CS 106: Assignment 06

CS 106 Winter 2016

Assignment 06: Recursion

Due: Monday March 7th, 11:59pm (midnight, not noon!)

Starter code: A06.zip (for Question 2)

Question 1 Half-Hex

The Half-Hex tiling is a "reptile": it's a single shape that can be divided up into smaller copies of itself. Each of those copies can then be divided up, and so on. If you keep doing this, you can fill as large a region (e.g., a bathroom floor) as you want with copies of the original shape.

If we arbitrarily decree that the long side has length 100, the corners of the shape could be given coordinates as in the diagram below. Note that the long edge is exactly twice as long as the three short edges.

Create a Processing sketch that displays this tiling. When the sketch starts up, it should display a single large half-hex centred in the sketch window (scale it so that it takes up most of the width of the window). The sketch should have a single interactive feature: when the user presses the "-" (minus) key, decrease the number of recursive levels shown in the drawing, and when the user presses the "=" (equals) key, increase the number of levels. The screenshots below show Level 0 on the left and Level 4 on the right.

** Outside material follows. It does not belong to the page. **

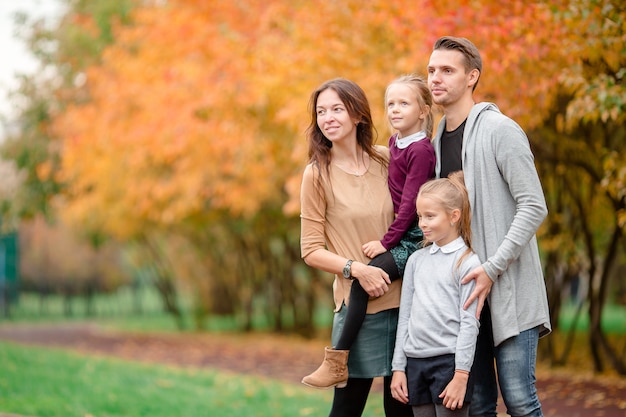 Retrato de familia feliz de cuatro en día de otoño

In terms of code, the sketch can be structured almost identically to the sample sketch Gasket1. The draw() function sets up a global geometric context to position the drawing, and then calls a recursive helper function. Depending on the current level of recursion (passed in to the function), the recursive function either just draws a single shape (in this case, a copy of the half-hex) or calls itself recursively inside a set of "child" geometric contexts. What you need to do, then, is figure out the four geometric contexts you need for the recursive calls that will place four small copies of the half-hex inside one large one.

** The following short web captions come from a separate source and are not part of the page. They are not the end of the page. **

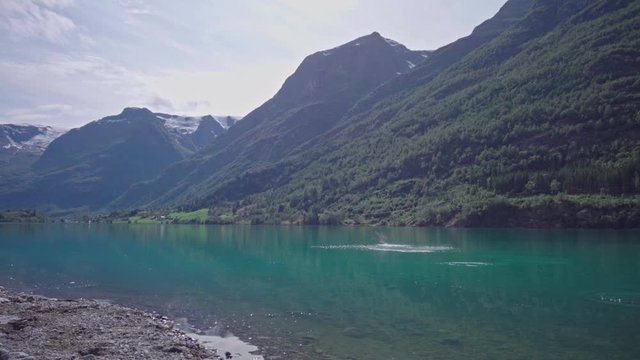 Stone skipping into the beautiful green lake oldevatnet in norway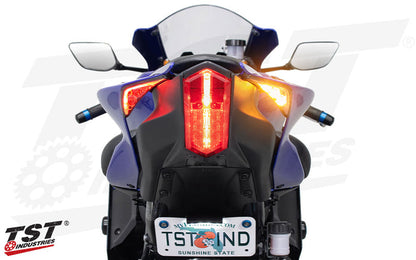 Red and amber LEDs feature running (rear DRL), brake, and turn signal functions.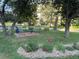 A landscaped exterior view shows trees, shrubs and a patio at 13601 E Marina Dr # 510, Aurora, CO 80014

I suggest the following approach. First, get Level 0 working: make sure that when the sketch starts, you can display a single large half-hex. Then work on Level 1 one shape at a time: figure out the geometric context you need to place the first small half-hex inside the large one, using the "-" and "=" keys to jump back and forth and verify that it's placed correctly. Do this until your four geometric contexts are all correct, and the fractal structure of the design will simply fall into place.

A few final notes:

You should use a sketch window of size 600×400.
At each recursive level, the tiles are exactly half as large as they were in the previous level.
Draw all tiles with black outlines. You can use any fill colours you want, and feel free to try to colour individual tiles differently, as long as the colours don't change every frame. But it's fine if every tile is filled with the same colour.
In any given drawing, make sure every tile is drawn with the same line thickness. But it's fine if that thickness changes when you change the amount of recursion.
Feel free to experiment with other enhancements. An interesting experiment is to sometimes skip the recursive step with some small probability. That will give you an uneven tiling with half-hexes of different sizes. Just make sure there's a way to disable enhancements so that we can see the basic sketch working.

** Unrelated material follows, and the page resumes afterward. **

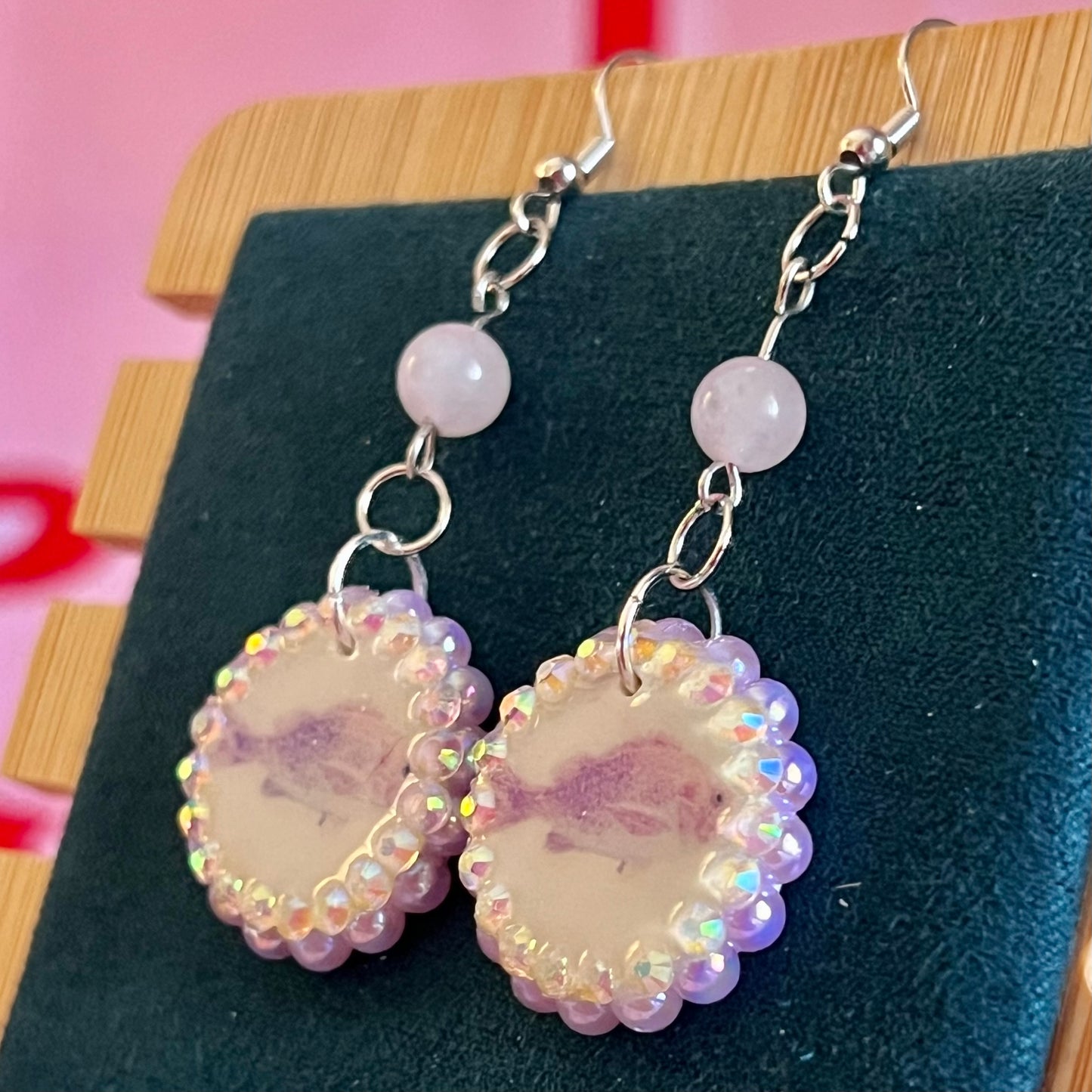 rose quartz earrings, pastel fish earrings, pink fish charm earrings, mermaidcore earrings, fairycore jewelry, coquette earrings, y2k earrings, pastel charm earrings, polymer clay earrings, rhinestone earrings, pearl earrings, iridescent pearl earrings, ocean themed earrings, handmade earrings, hypoallergenic earrings, cute pastel jewelry, rose quartz bead earrings, girly earrings, whimsical earrings, gift for her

Submit a sketch named HalfHex.

Question 2 Menger Sponge

The Sierpinski Carpet is a 2D fractal shape created by dividing a square into nine smaller squares, removing the central square, and then repeating that process on each of the remaining eight squares. It is demonstrated by the Carpet sample sketch.

The 3D analogue of the Sierpinski Carpet is the Menger Sponge. You divide a cube into 27 smaller cubes, and remove the seven cubes that make up the central 3D cross. Then you repeat the process on each of the 20 remaining cubes.

Create a sketch that draws the Menger Sponge to a specified number of recursive levels. As in the previous question, the "-" and "=" keys should be used to decrease and increase the number of levels, interactively showing a more or less fractally shape.

This sketch can be written more or less directly from the following two main pieces:

The Sponge sketch provided in the starter code. As given, the sketch just draws a cube, but it also sets up a PeasyCam to allow manipulation of the camera, and adds a couple of lights to make the cube's faces different colours.
The Carpet sample sketch in Module 07. That sketch gives you a great approach to making the 3D version. Just define an array of booleans, this time of length 3×3×3 = 27, saying which cubes are part of the fractal and which ones aren't. Then, at a given recursive level, use three nested for loops (as in the GridOfSpheres sample sketch in Module 06) to walk over all 27 sub-cubes, and do a recursive calls on the ones specified as true in the array. If that's confusing, study the code for Carpet until the approach makes sense. You definitely shouldn't have a recursive function containing 20 copies of the code that creates a geometric context and makes a recursive code—too much typing!

Save your solution in a sketch titled Sponge.

Submission

Remember to review the Code Style Guide and use Processing's built-in auto format tool. Then review the How To Submit document. At the top of all of your source files, be sure to include a comment with your name and student ID number. When you're ready, zip both of the sketches created above (HalfHex and Sponge) into a single archive called A06.zip and upload that file to LEARN.